* YOUR ASSIGNMENT
Once the pictures are removed, restate the listing word for word.

INFORMATION SUPPLIED Block Start

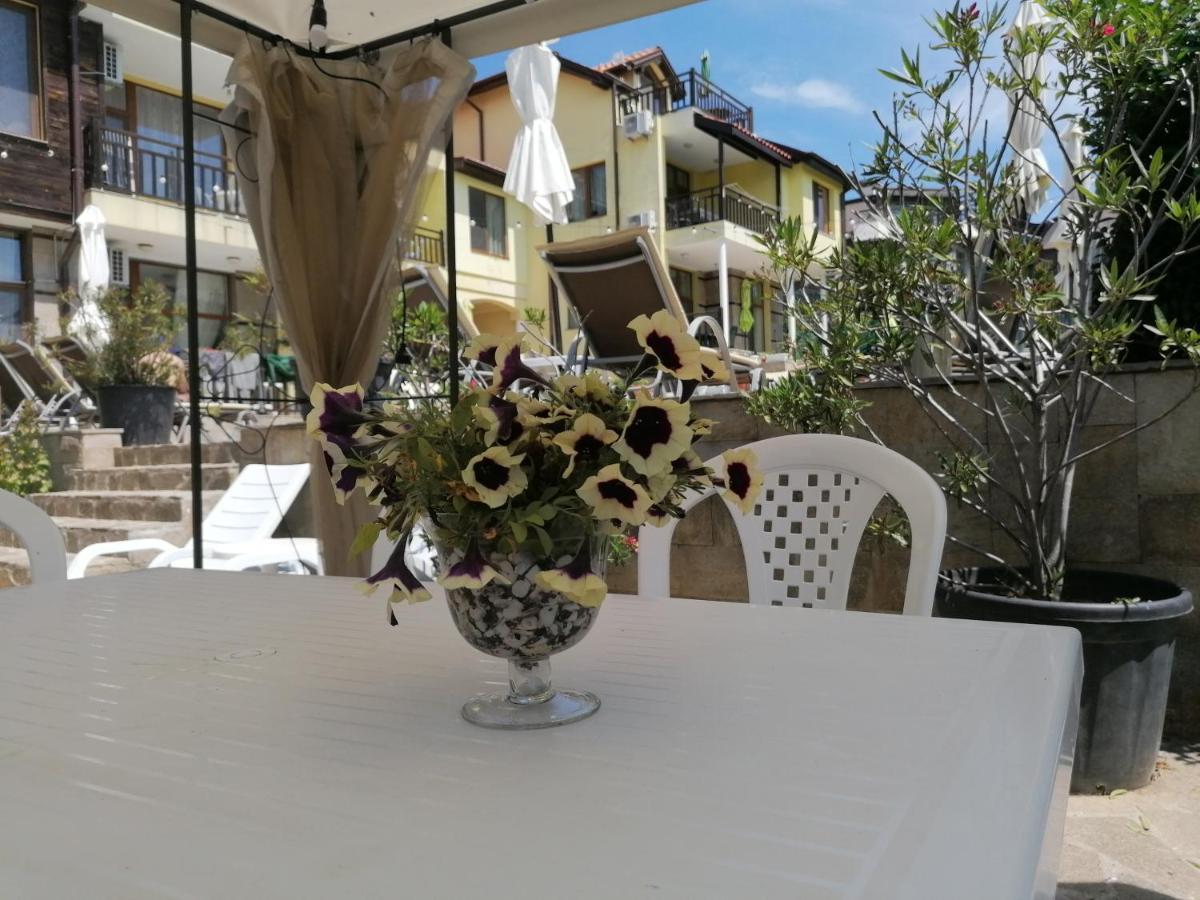 Apartments Elinor Budjaka Sozopol Zewnętrze zdjęcie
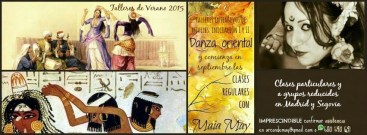 clases oriental maia may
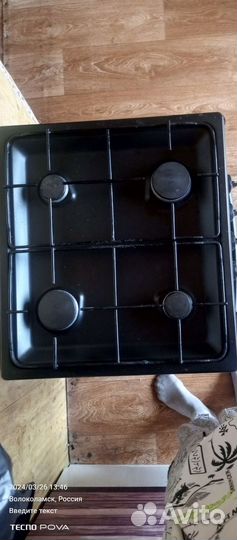 Газовая плита бу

INFORMATION SUPPLIED Block End

* ANSWER TO THIS PROBLEM
 Apartments Elinor Budjaka Sozopol Zewnętrze zdjęcie
 clases oriental maia may
 Газовая плита бу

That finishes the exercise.